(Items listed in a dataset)

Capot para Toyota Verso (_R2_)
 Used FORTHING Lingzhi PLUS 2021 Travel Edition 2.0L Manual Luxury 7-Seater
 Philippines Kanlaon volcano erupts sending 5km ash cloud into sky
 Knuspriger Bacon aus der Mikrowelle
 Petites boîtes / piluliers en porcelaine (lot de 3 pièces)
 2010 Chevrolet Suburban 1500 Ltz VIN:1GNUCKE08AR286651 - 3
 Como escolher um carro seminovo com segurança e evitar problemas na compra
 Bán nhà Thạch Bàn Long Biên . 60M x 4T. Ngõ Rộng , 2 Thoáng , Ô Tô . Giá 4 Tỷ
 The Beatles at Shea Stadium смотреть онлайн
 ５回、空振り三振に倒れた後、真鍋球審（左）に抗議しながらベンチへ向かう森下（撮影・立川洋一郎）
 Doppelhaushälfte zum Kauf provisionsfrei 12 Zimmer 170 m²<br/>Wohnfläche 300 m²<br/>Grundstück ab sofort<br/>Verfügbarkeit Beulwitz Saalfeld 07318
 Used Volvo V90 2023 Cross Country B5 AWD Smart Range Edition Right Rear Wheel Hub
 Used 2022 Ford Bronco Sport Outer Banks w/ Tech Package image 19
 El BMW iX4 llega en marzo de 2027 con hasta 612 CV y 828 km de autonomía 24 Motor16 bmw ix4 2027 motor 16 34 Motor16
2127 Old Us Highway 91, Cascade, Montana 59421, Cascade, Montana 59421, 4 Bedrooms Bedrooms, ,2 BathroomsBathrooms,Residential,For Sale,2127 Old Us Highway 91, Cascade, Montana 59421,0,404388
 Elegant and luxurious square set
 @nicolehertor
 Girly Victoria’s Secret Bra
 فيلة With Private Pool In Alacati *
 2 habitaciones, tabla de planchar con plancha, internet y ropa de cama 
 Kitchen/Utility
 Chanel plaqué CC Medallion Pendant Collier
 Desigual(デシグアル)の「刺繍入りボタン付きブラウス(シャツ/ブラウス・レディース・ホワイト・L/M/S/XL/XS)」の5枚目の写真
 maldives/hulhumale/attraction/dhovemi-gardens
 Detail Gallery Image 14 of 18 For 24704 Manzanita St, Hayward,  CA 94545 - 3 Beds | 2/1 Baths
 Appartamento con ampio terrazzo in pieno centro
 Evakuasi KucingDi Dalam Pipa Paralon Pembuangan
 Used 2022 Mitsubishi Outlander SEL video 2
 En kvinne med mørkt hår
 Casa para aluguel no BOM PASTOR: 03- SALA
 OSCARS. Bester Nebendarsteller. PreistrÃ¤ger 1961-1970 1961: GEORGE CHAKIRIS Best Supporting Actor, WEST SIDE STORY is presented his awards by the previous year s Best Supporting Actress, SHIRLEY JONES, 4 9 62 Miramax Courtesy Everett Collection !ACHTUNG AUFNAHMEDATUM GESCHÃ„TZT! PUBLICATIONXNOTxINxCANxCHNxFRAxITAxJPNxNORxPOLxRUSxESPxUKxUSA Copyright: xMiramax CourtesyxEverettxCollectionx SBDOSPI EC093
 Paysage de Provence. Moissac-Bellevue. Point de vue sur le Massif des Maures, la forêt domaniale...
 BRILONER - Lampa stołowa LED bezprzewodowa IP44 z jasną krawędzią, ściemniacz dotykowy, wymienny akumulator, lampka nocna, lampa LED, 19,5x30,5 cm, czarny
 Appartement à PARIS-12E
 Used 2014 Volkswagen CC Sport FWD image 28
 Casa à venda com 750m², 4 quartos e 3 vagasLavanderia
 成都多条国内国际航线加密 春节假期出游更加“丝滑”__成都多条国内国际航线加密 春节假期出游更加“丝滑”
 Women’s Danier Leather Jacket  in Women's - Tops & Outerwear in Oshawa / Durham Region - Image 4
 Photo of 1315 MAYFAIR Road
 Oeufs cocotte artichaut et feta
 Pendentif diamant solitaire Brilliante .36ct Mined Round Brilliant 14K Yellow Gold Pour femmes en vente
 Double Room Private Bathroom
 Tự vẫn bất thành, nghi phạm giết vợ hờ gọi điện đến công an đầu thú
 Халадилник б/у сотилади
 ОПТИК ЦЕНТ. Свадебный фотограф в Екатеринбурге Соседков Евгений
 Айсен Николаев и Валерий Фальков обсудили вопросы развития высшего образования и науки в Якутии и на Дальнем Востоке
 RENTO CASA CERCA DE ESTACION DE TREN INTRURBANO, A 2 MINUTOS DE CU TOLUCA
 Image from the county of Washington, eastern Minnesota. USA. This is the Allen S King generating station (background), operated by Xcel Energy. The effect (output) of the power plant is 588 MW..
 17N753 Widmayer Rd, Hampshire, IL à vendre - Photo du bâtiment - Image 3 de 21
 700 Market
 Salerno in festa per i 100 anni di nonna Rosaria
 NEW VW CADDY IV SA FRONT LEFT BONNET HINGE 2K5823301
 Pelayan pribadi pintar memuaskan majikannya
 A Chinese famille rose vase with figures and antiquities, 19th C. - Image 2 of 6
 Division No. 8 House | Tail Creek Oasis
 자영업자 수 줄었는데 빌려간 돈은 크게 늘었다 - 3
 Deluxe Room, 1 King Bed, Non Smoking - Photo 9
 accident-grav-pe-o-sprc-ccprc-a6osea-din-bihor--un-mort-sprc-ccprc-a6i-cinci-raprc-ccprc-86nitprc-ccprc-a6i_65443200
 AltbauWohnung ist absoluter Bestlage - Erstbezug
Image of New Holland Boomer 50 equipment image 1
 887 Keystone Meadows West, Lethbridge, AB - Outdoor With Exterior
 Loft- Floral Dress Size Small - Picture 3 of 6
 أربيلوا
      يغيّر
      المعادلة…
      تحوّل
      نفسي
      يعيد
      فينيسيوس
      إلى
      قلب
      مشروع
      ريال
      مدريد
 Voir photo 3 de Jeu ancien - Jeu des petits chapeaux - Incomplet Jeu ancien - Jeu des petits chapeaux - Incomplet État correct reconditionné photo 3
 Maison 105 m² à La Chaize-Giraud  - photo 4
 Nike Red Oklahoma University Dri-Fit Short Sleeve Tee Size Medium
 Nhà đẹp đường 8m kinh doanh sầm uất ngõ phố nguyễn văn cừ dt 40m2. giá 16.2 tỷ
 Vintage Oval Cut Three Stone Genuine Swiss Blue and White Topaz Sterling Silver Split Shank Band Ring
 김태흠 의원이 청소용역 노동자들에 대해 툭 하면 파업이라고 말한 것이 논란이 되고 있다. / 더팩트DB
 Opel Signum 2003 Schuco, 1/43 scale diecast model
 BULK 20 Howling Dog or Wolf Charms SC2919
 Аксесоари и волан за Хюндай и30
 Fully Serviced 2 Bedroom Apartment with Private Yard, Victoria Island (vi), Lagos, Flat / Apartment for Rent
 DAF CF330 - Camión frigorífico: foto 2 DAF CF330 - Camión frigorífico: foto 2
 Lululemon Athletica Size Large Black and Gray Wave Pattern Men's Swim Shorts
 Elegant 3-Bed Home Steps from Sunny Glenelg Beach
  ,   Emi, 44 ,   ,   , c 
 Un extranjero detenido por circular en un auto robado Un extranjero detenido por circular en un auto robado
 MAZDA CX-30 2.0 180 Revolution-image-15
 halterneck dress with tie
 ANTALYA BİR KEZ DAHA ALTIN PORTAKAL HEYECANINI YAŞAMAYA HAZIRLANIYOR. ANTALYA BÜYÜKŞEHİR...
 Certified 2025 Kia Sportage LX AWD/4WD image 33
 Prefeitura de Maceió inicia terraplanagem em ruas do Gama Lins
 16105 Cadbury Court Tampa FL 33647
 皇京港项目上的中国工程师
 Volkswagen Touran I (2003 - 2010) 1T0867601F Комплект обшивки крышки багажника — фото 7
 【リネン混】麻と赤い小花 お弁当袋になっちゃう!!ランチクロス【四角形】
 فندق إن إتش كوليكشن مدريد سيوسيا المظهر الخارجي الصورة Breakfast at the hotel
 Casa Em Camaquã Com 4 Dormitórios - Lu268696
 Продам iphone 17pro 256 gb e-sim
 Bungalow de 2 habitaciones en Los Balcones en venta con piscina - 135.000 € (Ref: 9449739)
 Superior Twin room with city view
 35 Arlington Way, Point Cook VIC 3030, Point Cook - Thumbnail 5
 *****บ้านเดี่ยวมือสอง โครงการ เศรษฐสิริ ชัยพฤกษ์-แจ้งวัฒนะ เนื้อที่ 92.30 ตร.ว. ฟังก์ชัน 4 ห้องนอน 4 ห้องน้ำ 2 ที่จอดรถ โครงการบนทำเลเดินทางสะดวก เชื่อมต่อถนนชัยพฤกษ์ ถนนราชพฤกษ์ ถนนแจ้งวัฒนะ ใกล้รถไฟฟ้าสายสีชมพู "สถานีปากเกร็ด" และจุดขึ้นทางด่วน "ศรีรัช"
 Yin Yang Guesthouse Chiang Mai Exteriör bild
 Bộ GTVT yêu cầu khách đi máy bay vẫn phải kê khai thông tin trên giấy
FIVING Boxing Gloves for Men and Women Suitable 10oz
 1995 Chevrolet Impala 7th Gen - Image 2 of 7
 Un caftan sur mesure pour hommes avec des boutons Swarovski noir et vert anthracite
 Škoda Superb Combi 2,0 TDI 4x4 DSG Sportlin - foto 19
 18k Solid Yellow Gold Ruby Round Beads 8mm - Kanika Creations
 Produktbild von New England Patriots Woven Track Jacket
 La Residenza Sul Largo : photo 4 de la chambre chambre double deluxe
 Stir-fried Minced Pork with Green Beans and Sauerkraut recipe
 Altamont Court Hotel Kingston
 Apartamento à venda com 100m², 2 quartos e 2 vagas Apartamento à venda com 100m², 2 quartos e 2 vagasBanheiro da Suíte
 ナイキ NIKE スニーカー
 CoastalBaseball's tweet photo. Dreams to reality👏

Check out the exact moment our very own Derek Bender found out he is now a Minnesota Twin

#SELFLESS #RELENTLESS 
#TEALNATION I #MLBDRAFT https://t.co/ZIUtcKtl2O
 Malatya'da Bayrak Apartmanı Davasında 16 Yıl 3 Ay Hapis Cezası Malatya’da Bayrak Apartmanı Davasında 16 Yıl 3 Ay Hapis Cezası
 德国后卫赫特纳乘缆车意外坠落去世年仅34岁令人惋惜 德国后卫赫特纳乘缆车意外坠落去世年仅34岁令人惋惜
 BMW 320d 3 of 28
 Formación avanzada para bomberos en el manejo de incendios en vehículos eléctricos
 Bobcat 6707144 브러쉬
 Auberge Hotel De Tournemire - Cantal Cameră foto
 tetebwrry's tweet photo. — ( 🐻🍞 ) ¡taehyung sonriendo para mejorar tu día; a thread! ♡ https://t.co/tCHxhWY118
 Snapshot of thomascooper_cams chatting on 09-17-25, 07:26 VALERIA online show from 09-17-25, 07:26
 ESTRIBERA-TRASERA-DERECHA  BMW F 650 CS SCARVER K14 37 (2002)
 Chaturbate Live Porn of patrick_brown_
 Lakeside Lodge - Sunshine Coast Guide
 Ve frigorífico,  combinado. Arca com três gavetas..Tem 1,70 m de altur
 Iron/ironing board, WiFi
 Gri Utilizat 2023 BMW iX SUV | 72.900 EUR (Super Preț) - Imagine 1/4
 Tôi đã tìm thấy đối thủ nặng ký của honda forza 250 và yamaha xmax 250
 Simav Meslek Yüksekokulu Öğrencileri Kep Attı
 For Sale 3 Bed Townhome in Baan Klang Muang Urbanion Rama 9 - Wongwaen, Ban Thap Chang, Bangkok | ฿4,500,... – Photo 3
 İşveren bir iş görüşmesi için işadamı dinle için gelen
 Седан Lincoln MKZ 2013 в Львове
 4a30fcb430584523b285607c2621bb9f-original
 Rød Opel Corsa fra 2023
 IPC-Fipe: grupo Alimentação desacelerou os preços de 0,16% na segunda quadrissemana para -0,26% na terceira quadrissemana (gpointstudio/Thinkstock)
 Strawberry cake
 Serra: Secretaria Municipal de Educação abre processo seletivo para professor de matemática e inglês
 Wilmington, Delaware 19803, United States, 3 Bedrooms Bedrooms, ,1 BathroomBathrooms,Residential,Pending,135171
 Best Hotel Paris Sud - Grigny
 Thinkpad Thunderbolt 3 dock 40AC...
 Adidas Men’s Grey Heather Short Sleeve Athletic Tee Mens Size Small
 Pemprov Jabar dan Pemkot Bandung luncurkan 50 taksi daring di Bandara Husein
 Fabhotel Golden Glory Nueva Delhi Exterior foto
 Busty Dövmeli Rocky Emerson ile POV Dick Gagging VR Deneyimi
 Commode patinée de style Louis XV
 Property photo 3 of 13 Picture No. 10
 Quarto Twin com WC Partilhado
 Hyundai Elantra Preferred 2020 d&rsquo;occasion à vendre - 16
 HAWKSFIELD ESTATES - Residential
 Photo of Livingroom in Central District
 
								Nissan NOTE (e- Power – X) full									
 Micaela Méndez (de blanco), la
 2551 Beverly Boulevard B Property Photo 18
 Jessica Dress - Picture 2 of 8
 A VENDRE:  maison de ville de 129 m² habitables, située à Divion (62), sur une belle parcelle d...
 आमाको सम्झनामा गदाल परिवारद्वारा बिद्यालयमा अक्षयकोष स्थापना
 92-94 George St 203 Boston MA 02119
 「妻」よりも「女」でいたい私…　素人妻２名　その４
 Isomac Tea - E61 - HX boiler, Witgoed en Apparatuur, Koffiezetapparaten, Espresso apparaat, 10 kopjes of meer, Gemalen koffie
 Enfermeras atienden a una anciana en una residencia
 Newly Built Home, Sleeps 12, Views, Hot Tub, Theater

__EXERCISE DETAILS__:
Give back the records above exactly, limited to the lines between the one holding "Продам iphone 17pro 256 gb e-sim" and the one holding "35 Arlington Way, Point", inclusive.

__PROBLEM SOLUTION__:
 Продам iphone 17pro 256 gb e-sim
 Bungalow de 2 habitaciones en Los Balcones en venta con piscina - 135.000 € (Ref: 9449739)
 Superior Twin room with city view
 35 Arlington Way, Point Cook VIC 3030, Point Cook - Thumbnail 5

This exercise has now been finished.